New Studies on Appropriate Car Seat Use

Booster Seats Are Safer

The journal “Pediatrics” published the results of a study, conducted by the Children’s Hospital of Philadelphia and the University of Pennsylvania, Philadelphia’s Center for Clinical Epidemiology and Biostatistics, confirming previous reports that it’s safer to keep children aged 4 through 8 in a booster seat during car travel.

The new study gives us solid figures: Children in belt-positioning booster seats are 45% less likely to sustain injuries in a crash than children using standard safety belts.

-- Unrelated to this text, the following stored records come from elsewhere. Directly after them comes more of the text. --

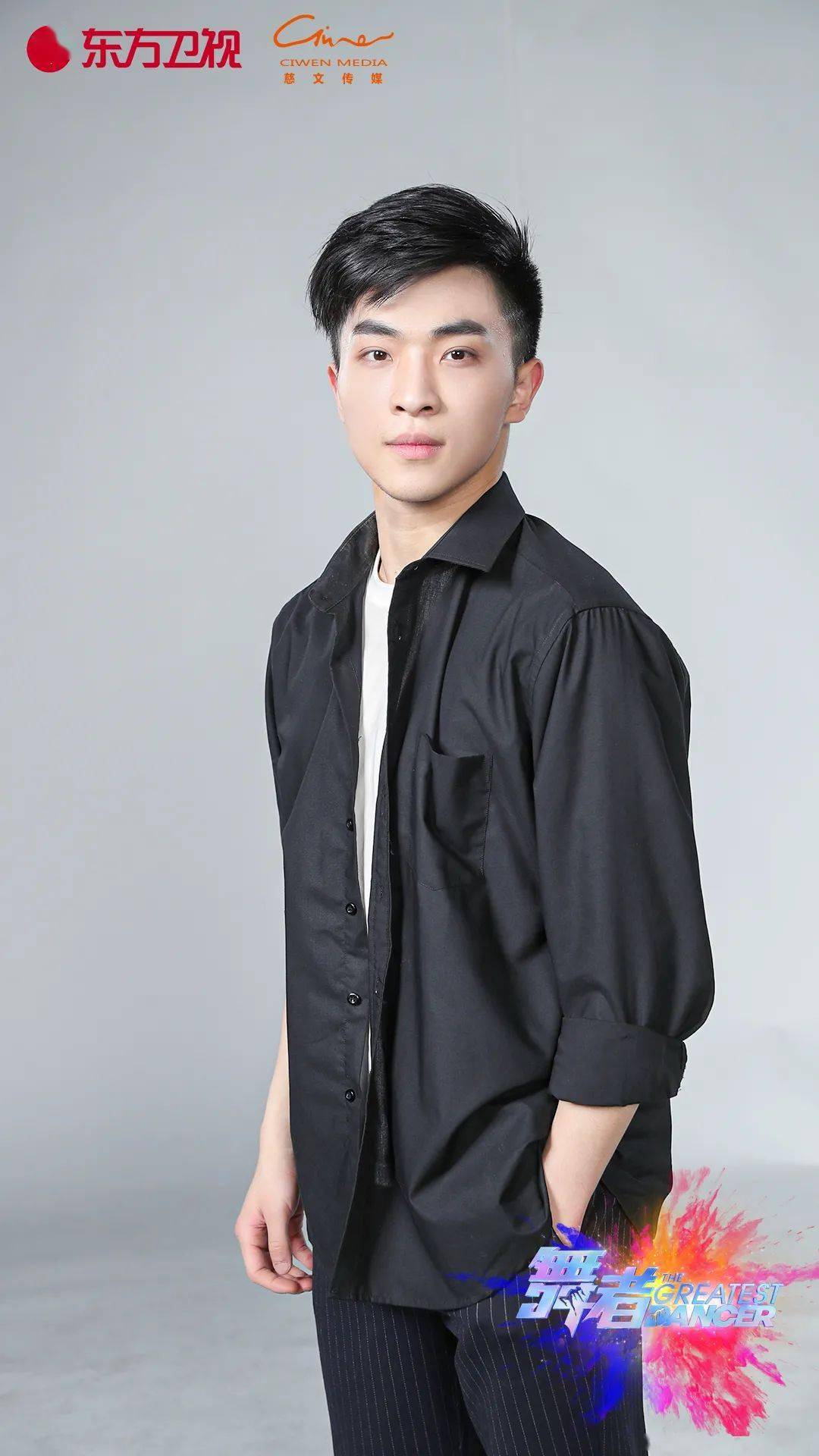 舞者番外篇高能来袭用热爱呈现极致舞台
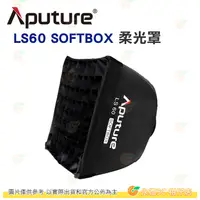 在飛比找有閑購物優惠-Aputure LS60 SOFTBOX 柔光罩 公司貨 方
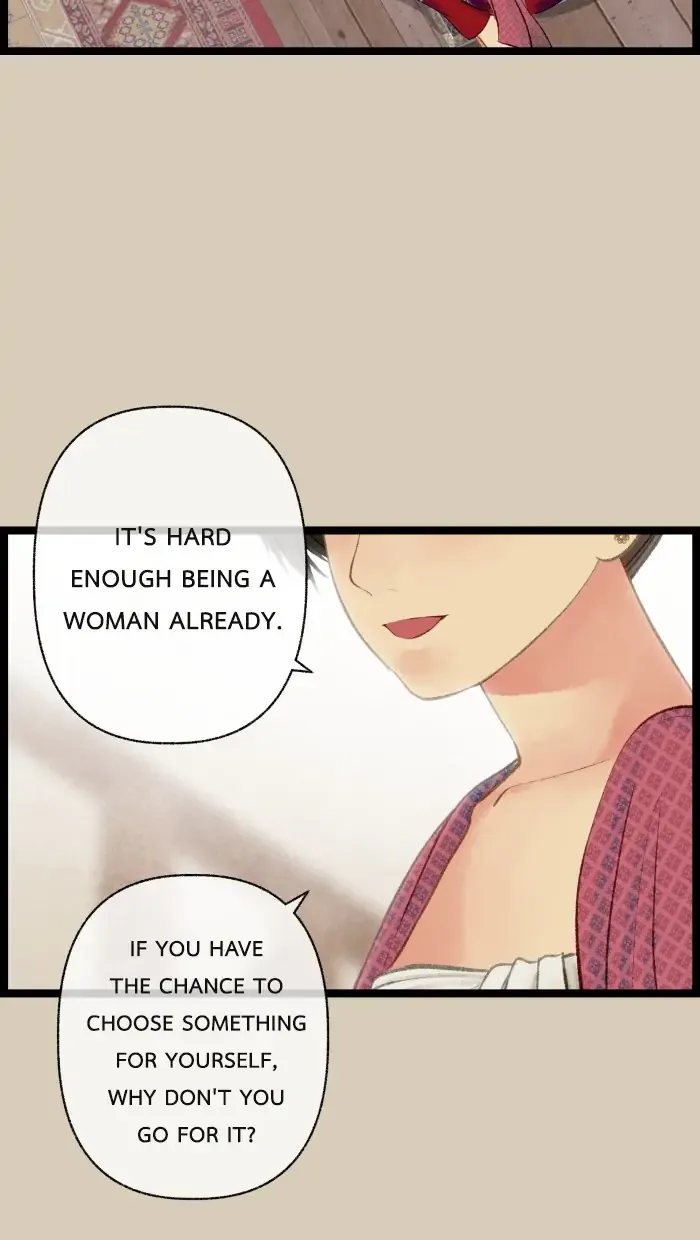 Loveless Heroine Chapter 77.2 page 84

Booster seats protected children even better during side-impact crashes, reducing the risk of injury 68% for near-side impacts and 82 % for far-side impacts. The most common type of injury children sustain in vehicle crashes is a head injury, accounting for 65 % of all injuries regardless of the type of restraint used. The data did not show a difference in the level of protection using a high-back booster or a backless booster seat.

The good news?

The study considered injuries sustained in 21,943 crashes in which at least one child received medical attention, as well as crashes where no children were injured, and the vast majority of injuries were not fatal, whether children wore a regular seat belt or used a booster seat.

Car Seats for the Car Only

It bears repeating that parents should follow the American Academy of Pediatrics car seat guidelines to keep their children safe during road trips. But it’s equally important to note the danger that exists when parents keep infants in car seats for extended periods when they are not traveling.

In a related article, CBS News reported the results of a study presented to the AAP that shows 8,700 emergency room visits resulting from inappropriate use of a car seat/carrier.

Most of the injuries occurred when parents placed car seat/carriers on soft surfaces, like beds and sofas, or high surfaces like counters and tabletops. This causes a risk of suffocation in infants, but babies can also suffer injuries to the head or extremities if the car seat tips or falls.

If you do place your baby in a carrier:

  • Place the carrier on flat ground only.
  • Be aware in public places; do not place the carrier and baby in high-foot-traffic areas.
  • Avoid keeping baby in the carrier for long periods of time every day; this can lead to weak muscles and flat spots on the head.

The Bottom Line on Car Seat Safety

Car seats are intended for use in motor vehicles to protect infants, toddlers and children from injury in a crash. Use a car seat or booster seat, for as long as possible with your child, for its intended purpose. But don’t leave your infant in a carrier/car seat for extended lengths of time when you’re not traveling.